Concert Notes

George Enescu’s Symphony No. 2

Notes by TŌN violinist Haley Schricker

George Enescu’s Second Symphony (completed in 1914) was not truly the composer’s second effort in the genre, but rather his sixth. During his teenage years, Enescu wrote four “study symphonies” which undoubtedly helped shape his understanding of large-scale form. A prodigiously gifted child, the young violinist and composer graduated from the Vienna Conservatoire at the age of 12—he even played in the first stand of the conservatory orchestra with his hero, Johannes Brahms, on the podium! 

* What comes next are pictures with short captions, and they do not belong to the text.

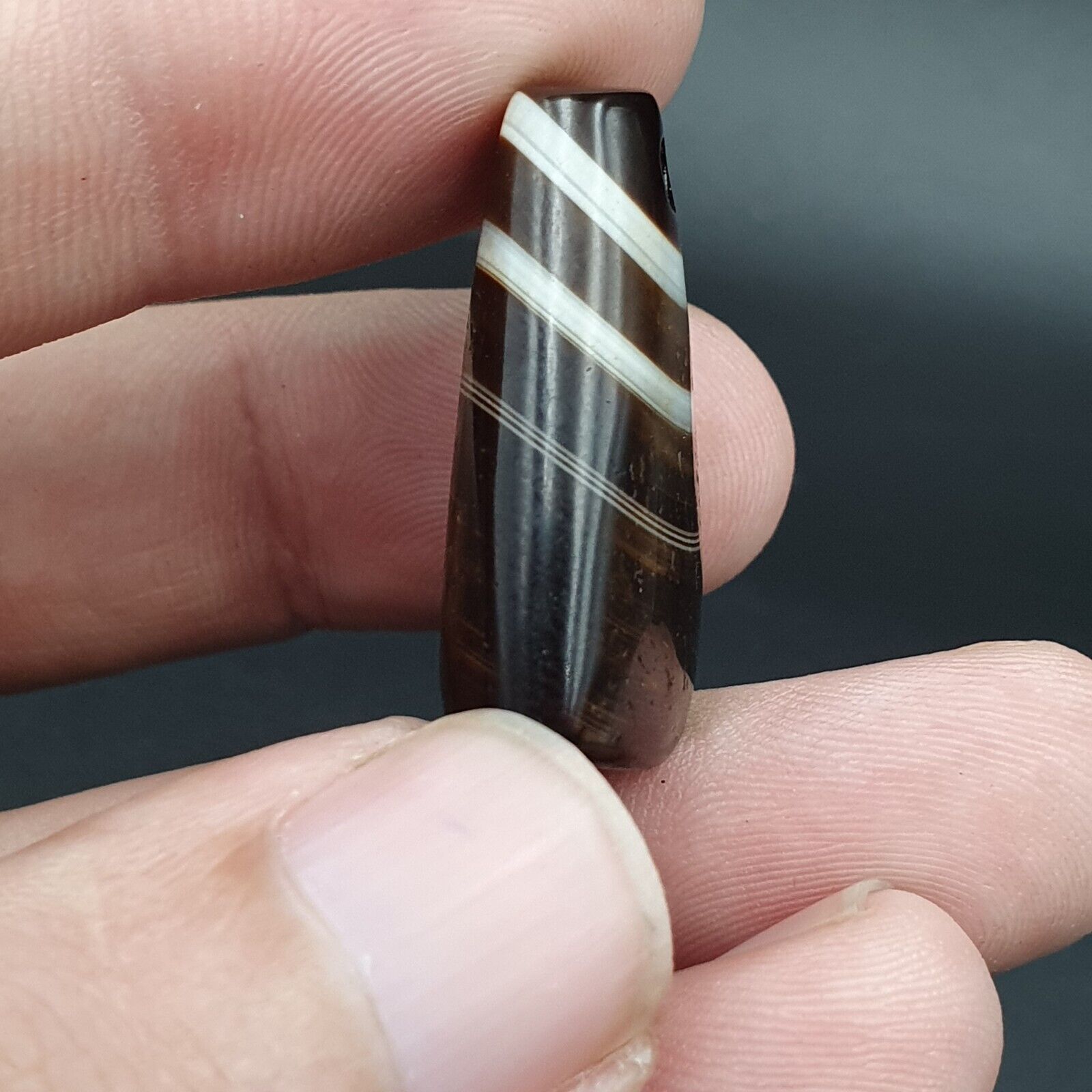 Antique Tibetan Himalayan Agate  Amulet Bead #127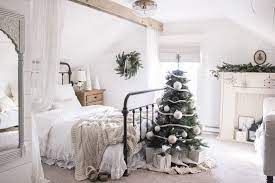 This winter wonderland birthday party idea is perfect! Vintage Winter Bedroom Lovegrowswild Com Love Grows Wild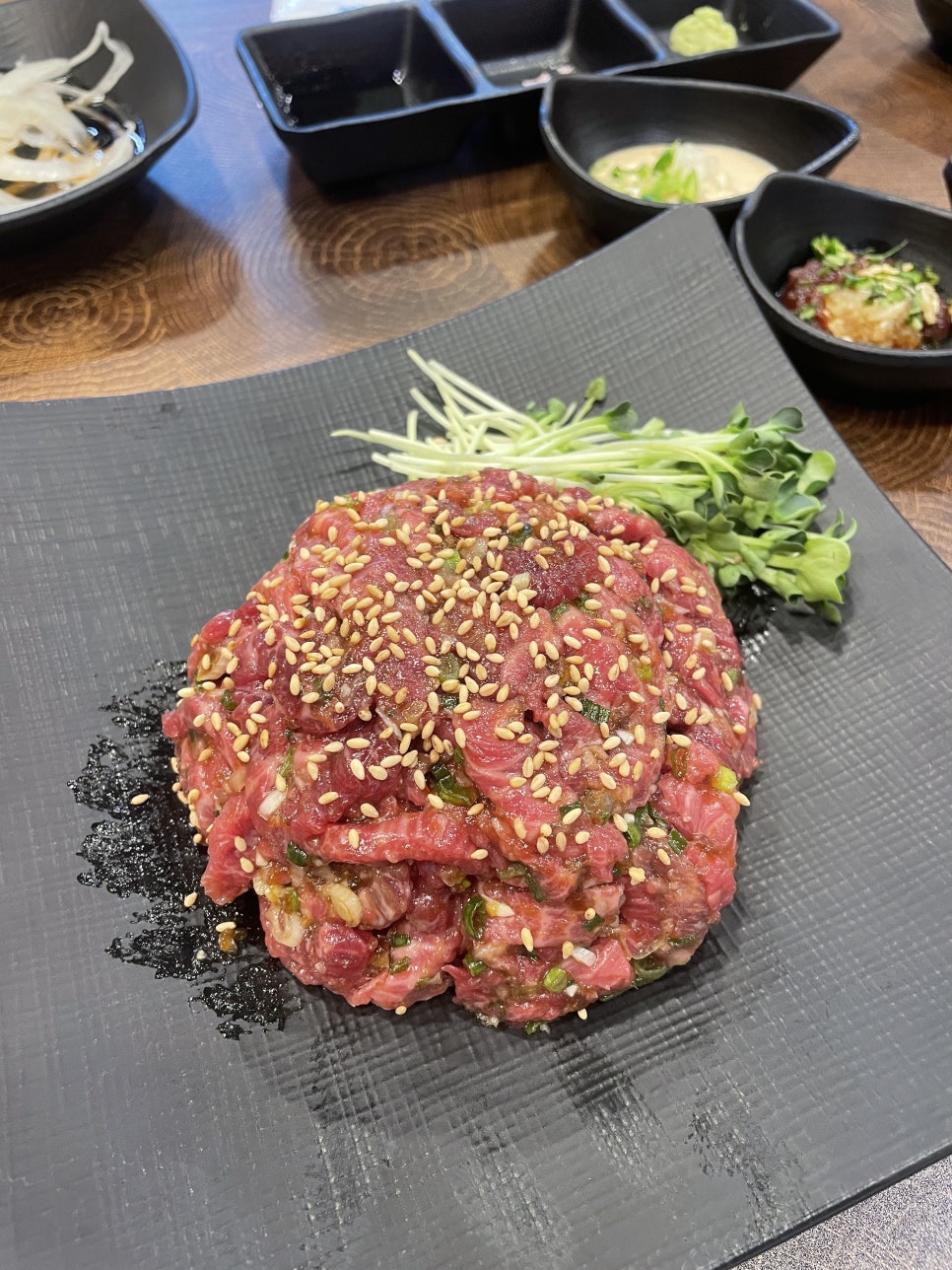 육회쟁이 이미지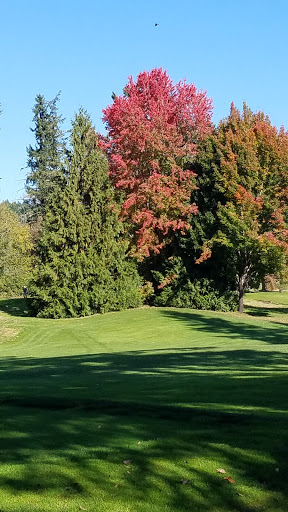 Private Golf Course «Witch Hollow Golf Course», reviews and photos, 12930 NW Old Pumpkin Ridge Rd, North Plains, OR 97133, USA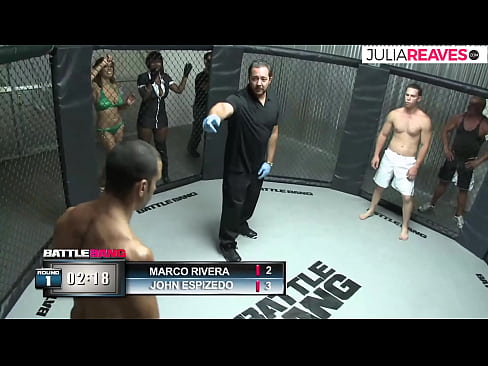 ❤️ Ο Ultimate Fighter γαμάει ένα κορίτσι αμέσως μετά από έναν αγώνα στο ρινγκ ❤️❌ Απλά πορνό ❤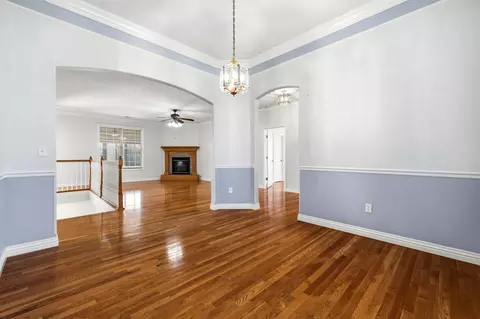 Living - 5904 S Nettleton Ave, Springfield, MO 65810 photo 5 of 11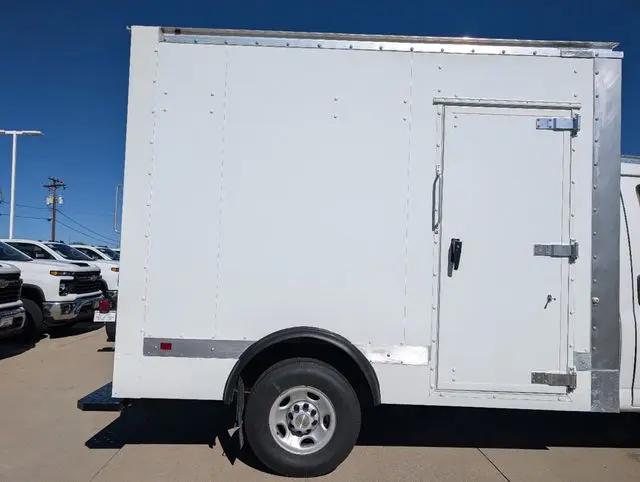 2024 Chevrolet Express Cutaway Work Van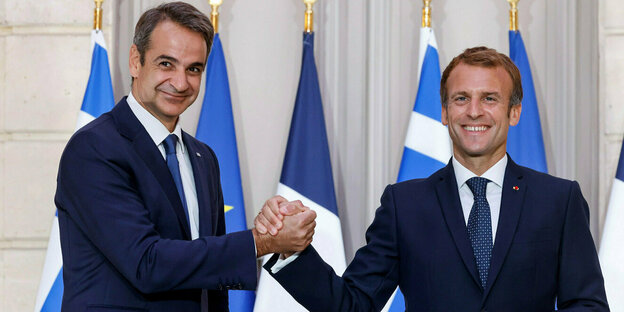 Kyriakos Mitsotakis und Emmanuel Macron geben sich die Hände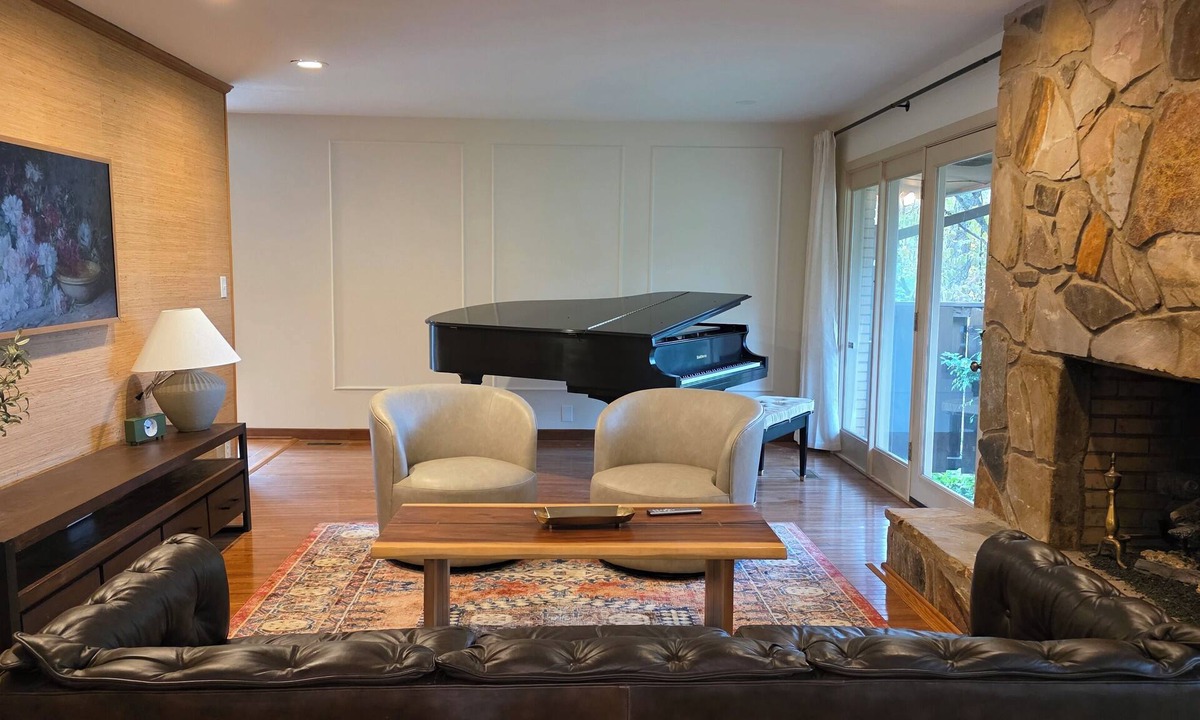 Alcoa House | Mid-Mod Retreat - Patio + Creek - 5 Min to TYS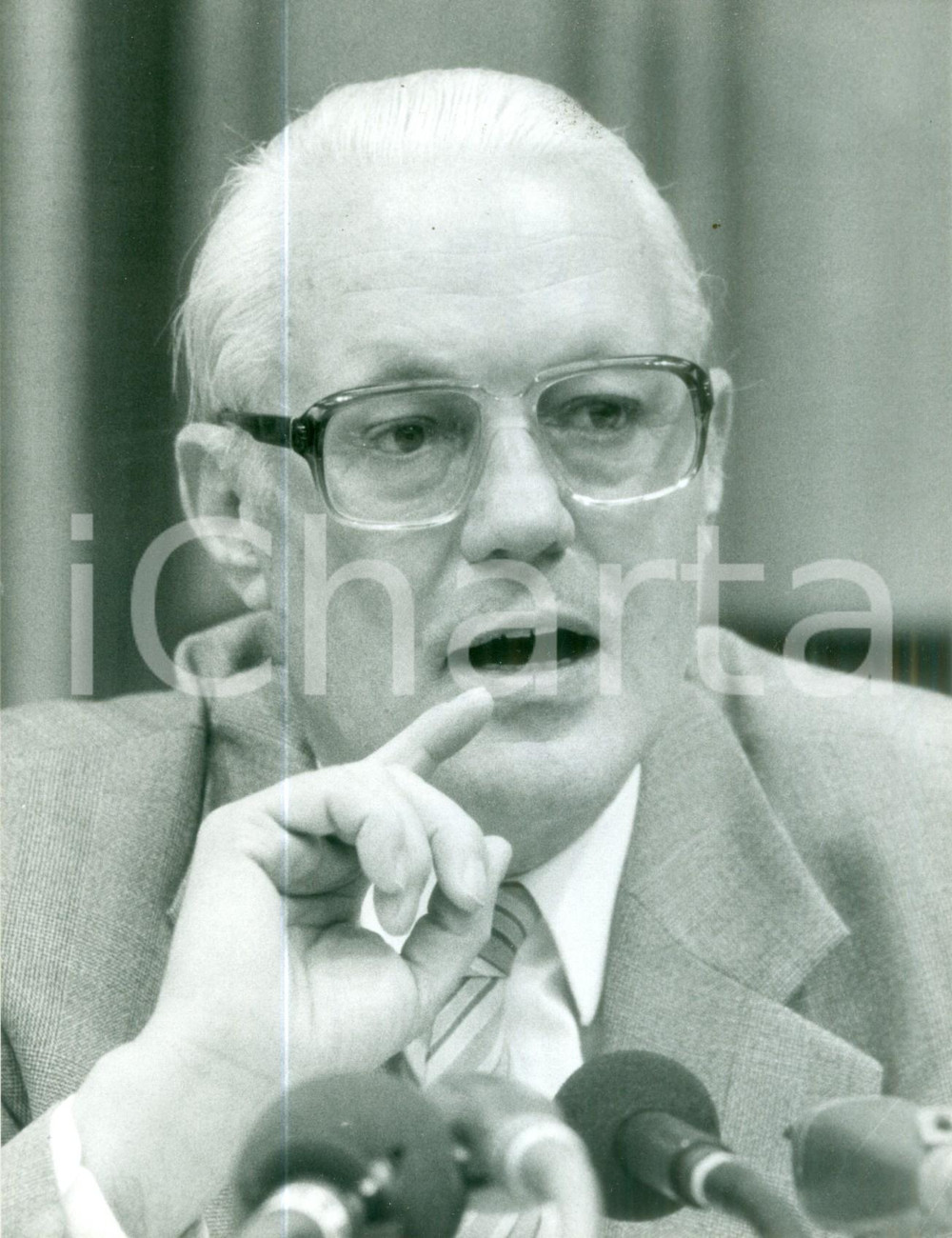 1987 BONN Il Ministro delle Finanze Gerhard STOLTENBERG Fotografia FORMATO: cm 16 x 21 CONDIZIONI: GOOD   originale e autentica 1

In adulthood Enescu gained notoriety abroad as a great violinist and conductor. He taught the likes of Yehudi Menuhin and Ida Haendel, and conducted many American orchestras, including the Philadelphia Orchestra and New York Philharmonic. Revered cellist Pablo Casals even described Enescu as “the greatest musical phenomenon since Mozart”. Considering all these endorsements of his exceptional abilities, one might reasonably wonder why Enescu’s works aren’t better known, at least outside his home country of Romania. I can deduce three possible factors contributing to his relative lack of popularity, none of which need to be a hindrance to the programming of his compositions today: political divisions in Europe in the aftermath of World War I; the composer’s own modesty and reluctance to self-promote; and the sheer difficulty of his mature works for the performers.

Enescu’s Second Symphony marks a turning point in his trajectory as an artist: his many varied influences are synthesized into a unique compositional voice. Enescu himself was none too pleased with the premiere, however, and abandoned the symphony for the rest of his life. During the First World War, the only copy of the work accompanied the Romanian government’s gold reserves on a train to Moscow, where it vanished for years—and though the manuscript was eventually returned to the composer, it remained unpublished until 1965, a decade after Enescu’s death. 

The symphony consists of four movements, the last two of which are played without pause in between. The first movement is the longest, and is bursting with energy in contrast to the melancholic second movement. The third movement is a march that plows straight into the kaleidoscopic finale, which is at one moment troubled and at another triumphant.